J-BP:À l’intérieur de chacun des partis, il y a des gens qui sont très favorables à ces nouveaux modes de participation citoyenne et les réticents. On essaye de comprendre, dans le cadre d’études que l’on mène depuis un certain nombre d’années, ces réticences, et il en ressort deux points particuliers. Le premier, c’est qu’il s’agit un peu d’une remise en cause de leur propre travail. Je peux comprendre que leur première fonction c’est de relayer, de faire ressortir ce que demandent les citoyens et de le traduire en politique publique. Si d’autres le font à votre place, cela questionne votre compétence à assumer l’une des facettes essentielles de votre travail politique. Donc il y a une forme de remise en cause qui n’est pas forcément facile à digérer, même si de plus en plus de personnes se rendent compte qu’effectivement ils ont du mal à tisser ce lien, parce que la méfiance est trop forte. Et puis il y aurait un certain scepticisme quant à la capacité des citoyens, à complètement investir certaines politiques, notamment des matières complexes. Avec cette question:quelle est la garantie de la diversité et la qualité de la représentation?Mais il y a une conscience de la nécessité de faire quelque chose et que l’on ne peut pas continuer avec les simples mécanismes classiques du vote et des partis, parce qu’il y a un rejet très fort de ces mécanismes-là. Ce sentiment, il est très largement partagé par les élus.

On parle de désenchantement, mais finalement, est-ce qu’avant il y avait vraiment un grand intérêt pour les campagnes électorales?

J-BP:Non, il y a effectivement toujours eu une certaine distance et des critiques à l’égard des élus. La différence c’est que ce mécontentement continuait d’être canalisé par certains acteurs, qui étaient incorporés au système. Ça passait par des partis politiques qui pouvaient être revendicatifs.

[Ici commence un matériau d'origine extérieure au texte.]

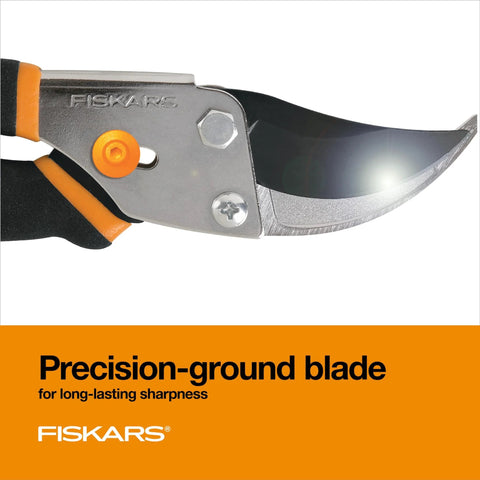 Bypass Pruning Shears With Five Eighth Inch Cut Capacity And Rust Resistant Steel Blade, close-up of precision-ground blade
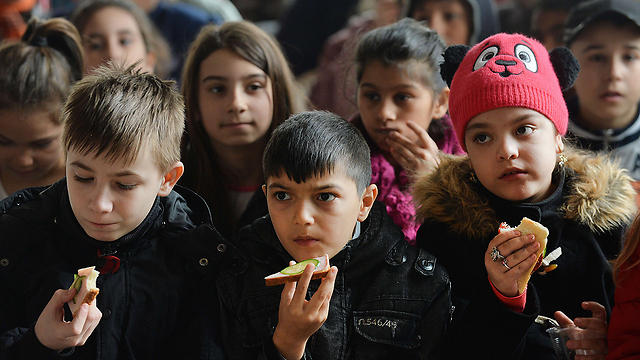 ילדי צוענים. "אסור לגרש אזרחים אירופים על בסיס אתני" (צילום: AFP) (צילום: AFP)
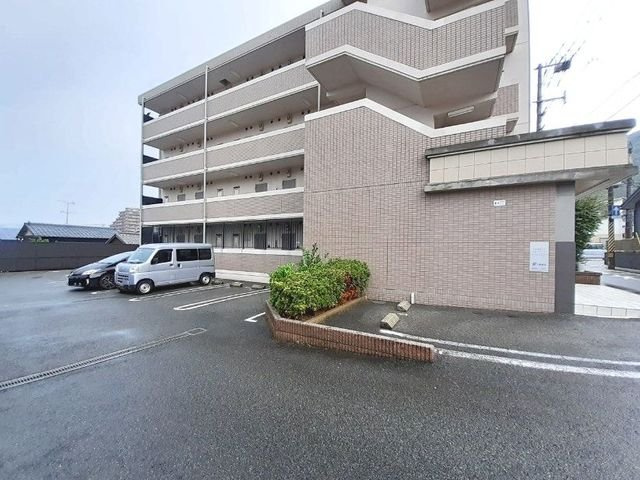 フリーアメニティ　ＯＮＥの駐車場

L’histoire du parti socialiste, et avant lui du parti ouvrier, c’était ça:canaliser le mécontentement d’une frange de la population, qui ne se sentait pas représentée par les partis libéraux et catholiques. On arrivait à le canaliser par les syndicats, par un secteur associatif très riche, alors que l’on parle beaucoup maintenant de société civile non organisée et c’est difficile pour la démocratie représentative d’intégrer cela. On ne peut plus se contenter des acteurs traditionnels – ou du moins, ceux-ci doivent-ils repenser la manière dont ils vont faire liaison entre le pouvoir décisionnel et les citoyens. Et ça, c’est un élément qui rompt avec le passé et qui amène de nouveaux défis. Et aussi de nouveaux modes de participation.